WBKZ
- Havelock, North Carolina; United States;
- Frequency: 105.1 MHz
- Branding: Air1

Programming
- Format: Worship music
- Affiliations: Air1

Ownership
- Owner: Educational Media Foundation

History
- Former call signs: WKVO-FM (1971–1978); WMSQ (1978–1996); WANG (1996–1999); WANG-FM (1999–2005); WKOO (2005); WSSM (2005–2008); WRQR (2008); WSSM (2008–2010); WLVG (2010–2018); WHAR (2018–2024);

Technical information
- Licensing authority: FCC
- Facility ID: 47106
- Class: C3
- ERP: 18,500 watts
- HAAT: 117 meters (384 ft)
- Transmitter coordinates: 34°45′7.6″N 76°52′55.8″W﻿ / ﻿34.752111°N 76.882167°W

Links
- Public license information: Public file; LMS;
- Webcast: Listen Live
- Website: air1.com

= WBKZ =

WBKZ (105.1 FM) is a radio station broadcasting a Christian worship format branded as Air1. WBKZ is licensed to Havelock, North Carolina.
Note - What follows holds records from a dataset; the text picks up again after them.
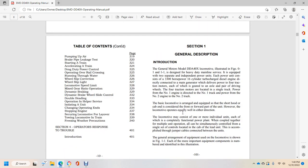Section 1 General Description. Introduction. General Motors Model DDA40X locomotive illustrated in Figure 0-1-1-1.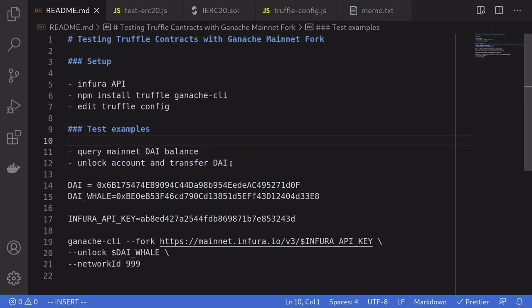Being able to write tests that interact with smart contracts on the mainnet is extremely useful. And I hope you found this useful as well. Thanks for watching and see you later.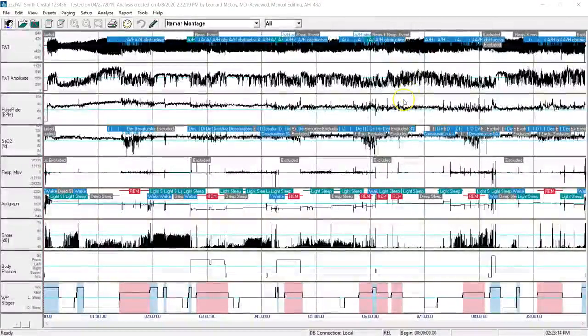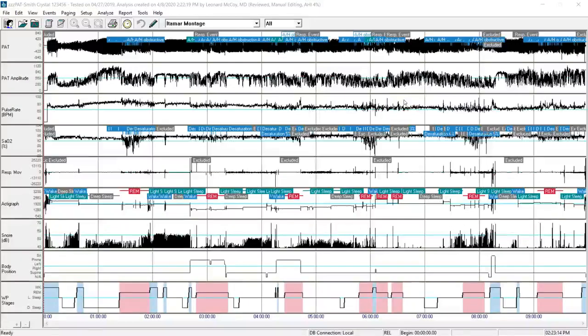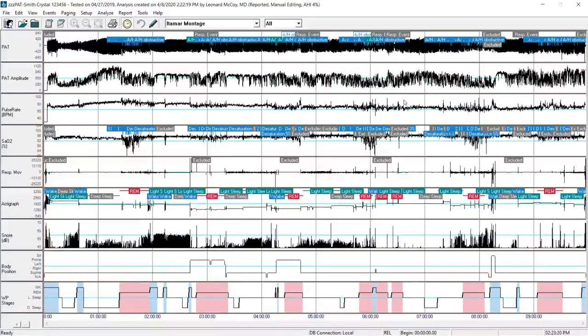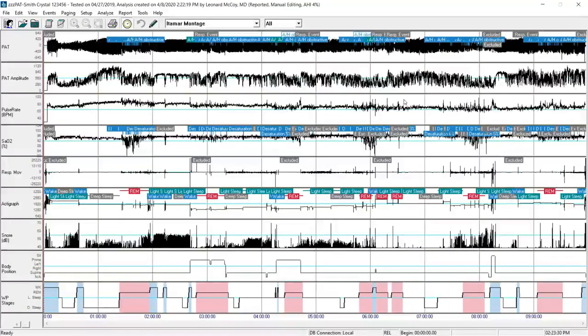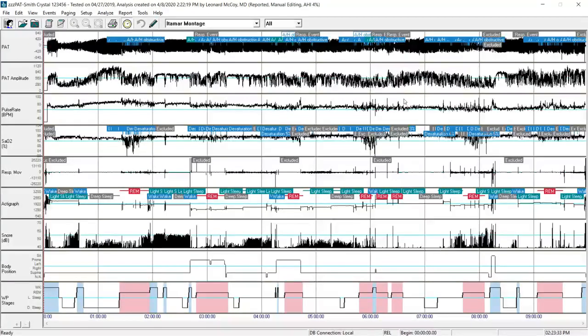The report is now locked and will no longer be editable. I can inform the tech or administrative staff to let them know I've completed the interpretation for Crystal Smith, and that they can print out the record as a PDF and import it into the medical record system.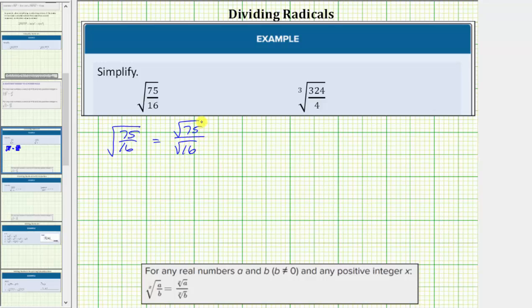Now we simplify the numerator and denominator separately. Because we have square roots, we are looking for perfect square factors of the radicands. 75 is equal to three times five times five, which shows 75 contains the perfect square factor of five times five, or 25.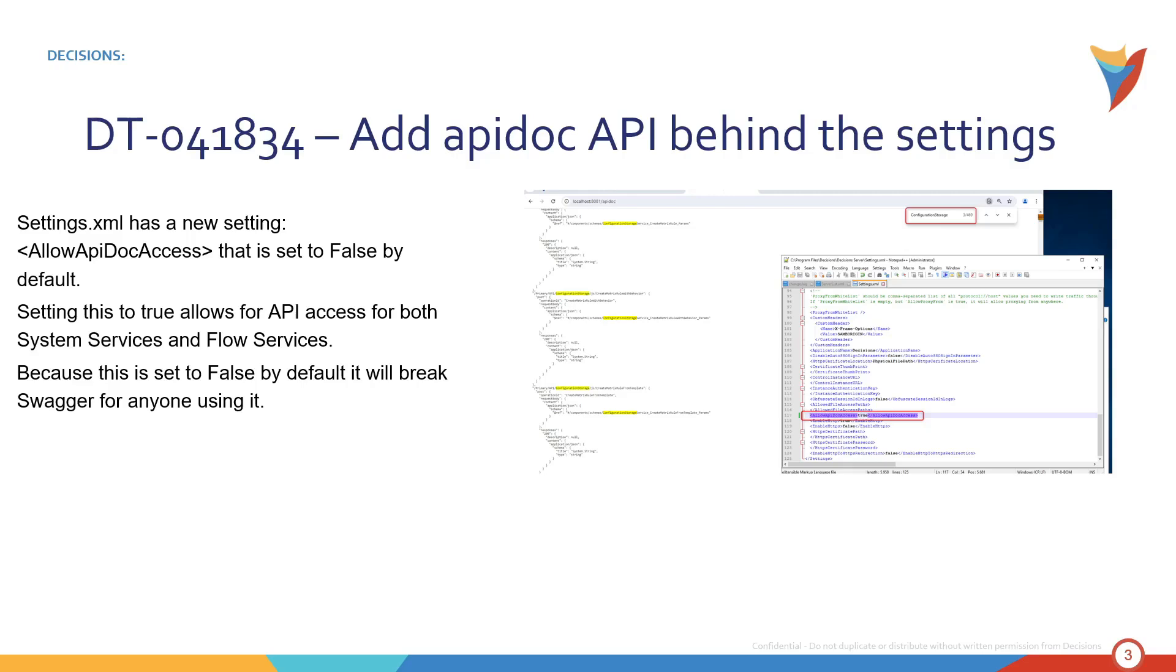For fresh and clean installs it's going to be a much smoother process and that setting is going to appear in the Settings XML file by default. It's just for upgrades that it won't. So you'll have to go in and manually add that for upgrades.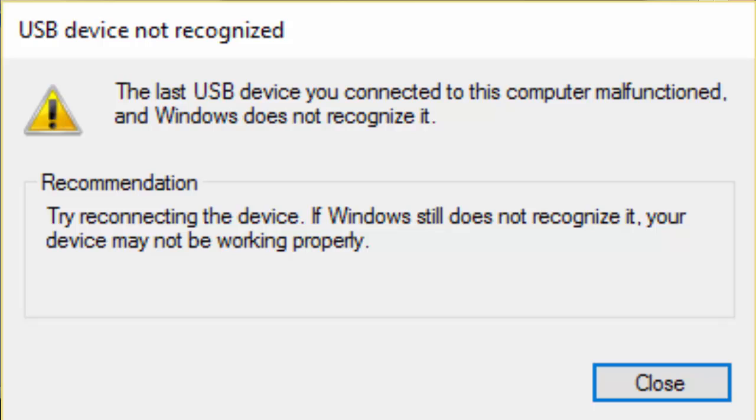So let's see how to fix this USB descriptor failure problem. I have given five methods as usual. Watch the video carefully, try the method by method. I am sure that one of the methods will definitely work and it will definitely resolve your problem. Let's go to the first method.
The station was sold in 2010 by NM Licensing LLC. The station is owned by the Educational Media Foundation.

==History==
The station was assigned the call sign WKVO-FM in 1971, and was sold to MusicRadio, Inc., a Maryland-based group, who changed the call sign to WMSQ ("Q105") in 1978. The station proved to be a valuable asset to the town of Havelock and the nearby Marine Air Station at Cherry Point during several hurricanes in the 1980s. Havelock's business "golden age" peaked during the station's successful years from 1979 to 1990, partly due to the community involvement of its management and on-air personalities.

Arbitron ratings consistently saw the small station competing with much more powerful FM stations in nearby New Bern and Washington.

On August 15, 1996, the station changed its call sign to WANG, and switched to country music; the call sign was modified to WANG-FM on January 22, 1999. Later, WANG-FM switched to adult standards. The station switched briefly to Westwood One oldies; in April 2005, the call sign changed to WKOO ("Kool 105.1"). On June 13, 2005, the station changed to the Westwood One "Sam FM" adult hits format; the call sign changed to WSSM on June 21, 2005.

In October 2006, WSSM returned to Dial Global's adult staandards format "America's Best Music". In late April 2008, WSSM returned to the SAM "Simply About Music" adult hits format.

On May 27, 2010, WSSM ceased operation as it changed formats when sold by NextMedia Group under new ownership and changed its call sign to WLVG.

On April 16, 2018, the station changed its call sign to WHAR. On March 28, 2024, the station changed its call sign to WBKZ.